BEGIN Supplied data
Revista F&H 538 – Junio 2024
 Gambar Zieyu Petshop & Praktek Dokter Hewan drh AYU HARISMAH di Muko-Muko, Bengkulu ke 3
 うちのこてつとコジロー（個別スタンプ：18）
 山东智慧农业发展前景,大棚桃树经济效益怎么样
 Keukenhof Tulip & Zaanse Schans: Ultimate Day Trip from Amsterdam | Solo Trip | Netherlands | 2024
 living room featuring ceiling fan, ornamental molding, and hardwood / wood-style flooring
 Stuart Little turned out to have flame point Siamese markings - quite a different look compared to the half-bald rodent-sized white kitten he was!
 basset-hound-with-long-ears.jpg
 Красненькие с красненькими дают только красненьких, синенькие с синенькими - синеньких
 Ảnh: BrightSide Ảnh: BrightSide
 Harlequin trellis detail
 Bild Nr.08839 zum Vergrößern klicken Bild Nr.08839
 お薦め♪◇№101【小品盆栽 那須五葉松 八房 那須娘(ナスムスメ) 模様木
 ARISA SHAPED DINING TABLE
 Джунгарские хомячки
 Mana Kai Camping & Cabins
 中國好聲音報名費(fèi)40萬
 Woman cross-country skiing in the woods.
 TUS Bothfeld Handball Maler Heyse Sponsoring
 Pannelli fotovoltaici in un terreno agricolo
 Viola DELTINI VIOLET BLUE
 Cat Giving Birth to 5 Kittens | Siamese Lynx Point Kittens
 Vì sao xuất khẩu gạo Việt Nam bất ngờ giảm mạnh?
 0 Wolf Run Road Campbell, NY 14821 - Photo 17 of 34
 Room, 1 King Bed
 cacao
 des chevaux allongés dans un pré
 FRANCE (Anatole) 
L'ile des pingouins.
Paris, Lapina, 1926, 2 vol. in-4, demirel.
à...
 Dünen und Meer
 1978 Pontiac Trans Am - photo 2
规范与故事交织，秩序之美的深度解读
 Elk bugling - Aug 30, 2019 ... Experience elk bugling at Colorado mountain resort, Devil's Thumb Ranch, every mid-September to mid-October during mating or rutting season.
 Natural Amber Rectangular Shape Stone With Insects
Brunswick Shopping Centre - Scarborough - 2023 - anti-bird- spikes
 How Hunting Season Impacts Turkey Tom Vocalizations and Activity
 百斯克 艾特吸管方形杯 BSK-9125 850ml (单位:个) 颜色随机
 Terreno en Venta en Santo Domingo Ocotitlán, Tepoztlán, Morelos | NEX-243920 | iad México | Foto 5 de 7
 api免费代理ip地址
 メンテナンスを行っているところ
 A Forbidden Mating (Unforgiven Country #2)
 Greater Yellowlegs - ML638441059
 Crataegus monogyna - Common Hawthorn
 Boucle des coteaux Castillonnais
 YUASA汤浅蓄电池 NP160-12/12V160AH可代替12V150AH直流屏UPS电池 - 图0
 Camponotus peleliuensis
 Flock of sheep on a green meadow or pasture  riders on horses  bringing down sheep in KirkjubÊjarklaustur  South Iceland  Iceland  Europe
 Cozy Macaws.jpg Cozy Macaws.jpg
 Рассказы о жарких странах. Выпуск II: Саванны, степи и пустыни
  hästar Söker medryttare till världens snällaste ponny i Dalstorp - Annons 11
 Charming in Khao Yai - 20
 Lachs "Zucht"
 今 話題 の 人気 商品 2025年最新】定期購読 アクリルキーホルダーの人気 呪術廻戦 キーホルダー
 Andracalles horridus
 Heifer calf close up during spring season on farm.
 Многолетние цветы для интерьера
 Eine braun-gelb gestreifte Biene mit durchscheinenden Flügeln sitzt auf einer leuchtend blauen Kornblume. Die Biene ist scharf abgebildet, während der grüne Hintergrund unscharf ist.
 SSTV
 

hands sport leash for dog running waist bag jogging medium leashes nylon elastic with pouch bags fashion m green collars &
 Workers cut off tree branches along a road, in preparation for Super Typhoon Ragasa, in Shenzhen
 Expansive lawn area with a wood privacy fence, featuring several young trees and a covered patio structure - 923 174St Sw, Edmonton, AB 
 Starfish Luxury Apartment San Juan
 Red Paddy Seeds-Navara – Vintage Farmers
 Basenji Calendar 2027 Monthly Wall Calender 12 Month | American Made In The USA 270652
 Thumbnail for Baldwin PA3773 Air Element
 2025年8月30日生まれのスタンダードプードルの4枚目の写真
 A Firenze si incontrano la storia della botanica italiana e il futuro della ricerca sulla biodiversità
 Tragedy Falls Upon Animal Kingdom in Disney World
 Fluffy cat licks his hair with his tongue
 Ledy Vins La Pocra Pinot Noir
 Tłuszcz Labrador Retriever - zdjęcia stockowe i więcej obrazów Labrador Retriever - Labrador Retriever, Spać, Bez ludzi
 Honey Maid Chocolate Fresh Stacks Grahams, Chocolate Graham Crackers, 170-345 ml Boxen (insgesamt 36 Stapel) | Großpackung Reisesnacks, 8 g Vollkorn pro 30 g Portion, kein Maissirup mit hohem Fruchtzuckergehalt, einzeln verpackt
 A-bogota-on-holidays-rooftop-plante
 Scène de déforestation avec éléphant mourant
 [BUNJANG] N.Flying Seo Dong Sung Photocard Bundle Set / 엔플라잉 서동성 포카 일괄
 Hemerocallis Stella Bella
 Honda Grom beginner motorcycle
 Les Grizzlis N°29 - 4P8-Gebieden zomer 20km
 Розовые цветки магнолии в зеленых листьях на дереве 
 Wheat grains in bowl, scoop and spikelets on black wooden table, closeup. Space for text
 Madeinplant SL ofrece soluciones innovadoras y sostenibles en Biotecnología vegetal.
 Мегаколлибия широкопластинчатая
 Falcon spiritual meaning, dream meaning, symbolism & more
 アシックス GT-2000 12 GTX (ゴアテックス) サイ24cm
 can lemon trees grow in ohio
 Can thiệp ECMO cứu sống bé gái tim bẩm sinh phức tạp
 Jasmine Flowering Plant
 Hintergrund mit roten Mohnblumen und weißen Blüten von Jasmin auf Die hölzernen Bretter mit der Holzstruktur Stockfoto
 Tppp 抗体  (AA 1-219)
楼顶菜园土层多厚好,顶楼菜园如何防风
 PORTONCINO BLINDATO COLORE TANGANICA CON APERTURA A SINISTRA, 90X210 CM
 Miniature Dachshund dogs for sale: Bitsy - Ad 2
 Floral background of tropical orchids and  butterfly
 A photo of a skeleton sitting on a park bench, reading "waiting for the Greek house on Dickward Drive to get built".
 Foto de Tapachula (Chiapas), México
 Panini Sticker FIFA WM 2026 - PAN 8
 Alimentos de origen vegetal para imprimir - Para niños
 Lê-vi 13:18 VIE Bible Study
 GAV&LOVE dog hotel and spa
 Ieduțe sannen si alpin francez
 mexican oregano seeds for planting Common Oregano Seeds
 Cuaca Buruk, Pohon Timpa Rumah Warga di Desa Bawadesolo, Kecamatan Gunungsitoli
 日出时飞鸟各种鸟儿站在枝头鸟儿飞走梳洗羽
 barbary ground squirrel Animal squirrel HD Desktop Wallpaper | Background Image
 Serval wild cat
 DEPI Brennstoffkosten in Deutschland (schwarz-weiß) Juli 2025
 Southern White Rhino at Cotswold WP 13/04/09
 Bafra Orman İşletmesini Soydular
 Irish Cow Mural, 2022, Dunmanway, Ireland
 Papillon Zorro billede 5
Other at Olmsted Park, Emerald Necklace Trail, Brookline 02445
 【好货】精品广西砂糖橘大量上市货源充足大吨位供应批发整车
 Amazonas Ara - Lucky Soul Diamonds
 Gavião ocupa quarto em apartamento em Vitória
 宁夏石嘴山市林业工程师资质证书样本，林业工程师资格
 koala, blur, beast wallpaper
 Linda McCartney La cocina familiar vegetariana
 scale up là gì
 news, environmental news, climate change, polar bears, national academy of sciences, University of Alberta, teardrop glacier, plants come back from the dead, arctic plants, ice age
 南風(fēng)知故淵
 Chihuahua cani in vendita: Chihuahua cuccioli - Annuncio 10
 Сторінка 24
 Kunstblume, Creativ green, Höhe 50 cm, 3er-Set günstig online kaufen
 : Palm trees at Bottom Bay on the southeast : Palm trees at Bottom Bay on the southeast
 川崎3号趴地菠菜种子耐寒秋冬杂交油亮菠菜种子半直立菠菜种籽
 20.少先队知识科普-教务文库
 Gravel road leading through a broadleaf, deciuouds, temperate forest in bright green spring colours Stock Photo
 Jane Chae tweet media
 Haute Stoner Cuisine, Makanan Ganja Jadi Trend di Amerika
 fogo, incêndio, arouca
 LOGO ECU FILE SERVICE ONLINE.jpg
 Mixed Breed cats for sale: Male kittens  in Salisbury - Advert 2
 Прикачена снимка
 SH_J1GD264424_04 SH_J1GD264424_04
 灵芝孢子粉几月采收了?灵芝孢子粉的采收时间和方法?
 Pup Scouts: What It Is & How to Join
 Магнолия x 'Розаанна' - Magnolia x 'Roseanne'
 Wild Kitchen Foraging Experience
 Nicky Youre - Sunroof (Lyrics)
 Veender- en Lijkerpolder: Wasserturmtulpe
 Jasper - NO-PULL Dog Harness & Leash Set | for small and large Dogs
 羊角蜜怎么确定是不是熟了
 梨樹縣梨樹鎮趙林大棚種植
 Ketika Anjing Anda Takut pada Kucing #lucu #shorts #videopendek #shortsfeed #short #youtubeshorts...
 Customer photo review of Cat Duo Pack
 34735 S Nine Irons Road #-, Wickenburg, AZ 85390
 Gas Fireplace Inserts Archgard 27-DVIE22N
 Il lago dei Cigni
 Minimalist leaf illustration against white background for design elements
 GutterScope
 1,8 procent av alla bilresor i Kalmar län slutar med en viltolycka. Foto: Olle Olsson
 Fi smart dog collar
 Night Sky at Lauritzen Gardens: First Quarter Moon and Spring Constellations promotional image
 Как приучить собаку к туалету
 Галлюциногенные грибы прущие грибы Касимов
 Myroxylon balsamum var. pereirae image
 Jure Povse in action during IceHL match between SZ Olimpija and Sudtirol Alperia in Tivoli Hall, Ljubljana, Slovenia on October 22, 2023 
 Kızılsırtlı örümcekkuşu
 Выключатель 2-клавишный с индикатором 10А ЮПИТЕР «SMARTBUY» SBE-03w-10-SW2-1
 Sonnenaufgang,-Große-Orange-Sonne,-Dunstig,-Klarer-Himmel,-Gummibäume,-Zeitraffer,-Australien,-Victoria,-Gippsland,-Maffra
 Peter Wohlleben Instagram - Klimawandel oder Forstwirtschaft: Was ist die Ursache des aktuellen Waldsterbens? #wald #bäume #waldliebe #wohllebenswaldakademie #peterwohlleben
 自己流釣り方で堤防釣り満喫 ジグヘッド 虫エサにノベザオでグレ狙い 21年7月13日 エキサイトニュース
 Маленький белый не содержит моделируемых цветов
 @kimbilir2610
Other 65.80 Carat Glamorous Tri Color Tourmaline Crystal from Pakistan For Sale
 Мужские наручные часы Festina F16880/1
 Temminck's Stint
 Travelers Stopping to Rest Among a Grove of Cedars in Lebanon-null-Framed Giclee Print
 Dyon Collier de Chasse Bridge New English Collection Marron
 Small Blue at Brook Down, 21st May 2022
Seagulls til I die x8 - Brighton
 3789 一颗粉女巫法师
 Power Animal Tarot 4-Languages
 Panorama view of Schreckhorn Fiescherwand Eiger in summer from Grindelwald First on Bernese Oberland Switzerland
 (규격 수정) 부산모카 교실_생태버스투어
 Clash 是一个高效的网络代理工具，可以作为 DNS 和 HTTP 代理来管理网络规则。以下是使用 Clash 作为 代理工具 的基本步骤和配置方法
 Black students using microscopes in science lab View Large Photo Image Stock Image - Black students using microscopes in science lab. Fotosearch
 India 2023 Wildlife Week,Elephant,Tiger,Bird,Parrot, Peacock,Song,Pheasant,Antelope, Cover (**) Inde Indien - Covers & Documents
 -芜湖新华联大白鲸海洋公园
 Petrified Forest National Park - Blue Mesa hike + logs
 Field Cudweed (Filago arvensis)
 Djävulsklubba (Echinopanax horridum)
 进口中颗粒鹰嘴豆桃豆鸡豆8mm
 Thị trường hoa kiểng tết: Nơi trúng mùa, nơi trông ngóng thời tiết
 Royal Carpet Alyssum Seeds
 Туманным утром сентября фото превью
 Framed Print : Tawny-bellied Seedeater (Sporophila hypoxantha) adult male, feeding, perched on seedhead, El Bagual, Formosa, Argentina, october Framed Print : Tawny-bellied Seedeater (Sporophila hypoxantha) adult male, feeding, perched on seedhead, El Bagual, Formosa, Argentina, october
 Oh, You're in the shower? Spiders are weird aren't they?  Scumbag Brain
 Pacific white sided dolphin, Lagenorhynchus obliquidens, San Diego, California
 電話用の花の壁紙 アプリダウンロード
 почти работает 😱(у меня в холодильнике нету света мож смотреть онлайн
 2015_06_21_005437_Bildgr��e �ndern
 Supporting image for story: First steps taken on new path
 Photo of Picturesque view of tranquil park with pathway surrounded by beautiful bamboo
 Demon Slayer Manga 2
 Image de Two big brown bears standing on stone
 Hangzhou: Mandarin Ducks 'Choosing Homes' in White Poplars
END Supplied data
• Task objective:
Which lines run from the one holding "Royal Carpet Alyssum Seeds" through the one holding "Туманным утром сентября фото превью" in the records above? Repeat them exactly, both included, and nothing more.

• Solution to this problem:
 Royal Carpet Alyssum Seeds
 Туманным утром сентября фото превью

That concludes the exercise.